That makes a lot of sense. Thanks! On Wed, Apr 10, 2013 at 2:49 AM, Felipe Almeida Lessa < felipe.lessa@gmail.com> wrote:

Complementing David McBride's answer, what misled you is probably the precedence of the operators. Your original expression is the same as:

main = (((Conduit.sourceList [1..14] $= Conduit.map show) $= Conduit.iterM putStrLn) $= Conduit.iterM putStrLn) $$ Conduit.sinkNull

Cheers,

On Tue, Apr 9, 2013 at 7:54 PM, David McBride wrote:

...

The reason is because the operator $= puts together a source and a conduit and returns a new source.

The operator =$= is used to combine two conduits into another conduit.

With $= if you try to put two conduits together, the underlying types just won't match up. They don't match up specifically to tell you that you are not quite doing it correctly. It is trying to match the first argument to a source, which has its input type restricted to (). Since you have a string there, then it complains.

So try display = CL.iterM putStrLn =$= CL.iterM putStrLn which does exactly what you were looking for.

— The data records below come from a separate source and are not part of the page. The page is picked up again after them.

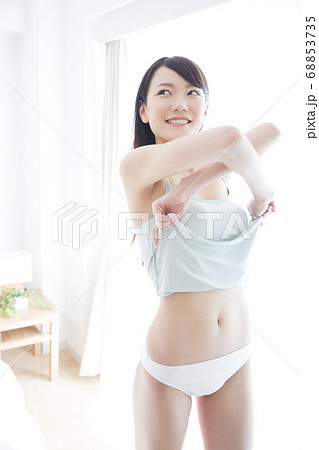 着替える女性 着替える女性 68853735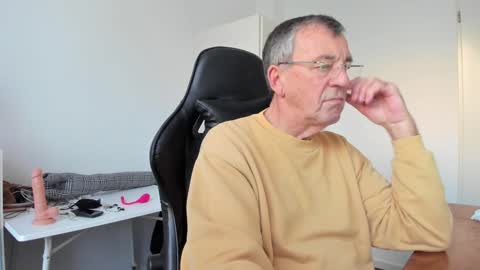 Snapshot of 200gentleman chatting on 01.02.25 Henk online show from 01.02.25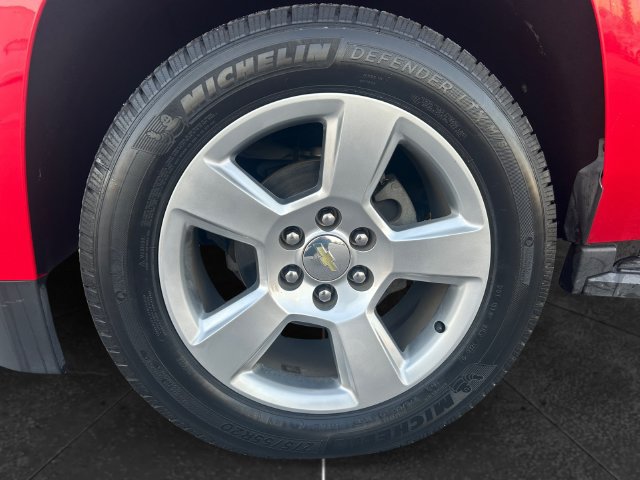 Used 2015 Chevrolet Tahoe LT AWD/4WD image 9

On Tue, Apr 9, 2013 at 6:34 PM, Ovidiu D wrote:

...

Given the following works as expected (i.e. prints the value twice):

main = Conduit.sourceList [1..14] $= Conduit.map show $= Conduit.iterM putStrLn $= Conduit.iterM putStrLn $$ Conduit.sinkNull

I would expect the following to work as well: main = Conduit.sourceList [1..14] $= Conduit.map show $= display $$ Conduit.sinkNull

display = Conduit.iterM putStrLn $= Conduit.iterM putStrLn

...but I get the compilation error: Couldn't match expected type `String' with actual type `()' Expected type: Conduit.Conduit String m0 a0 Actual type: Conduit.Source IO () In the second argument of `($=)', namely `display' In the first argument of `($$)', namely `Conduit.sourceList [1 .. 14] $= Conduit.map show $= display'

I don't understand why the type of display is inferred to a Conduit.Source. Can somebody please explain?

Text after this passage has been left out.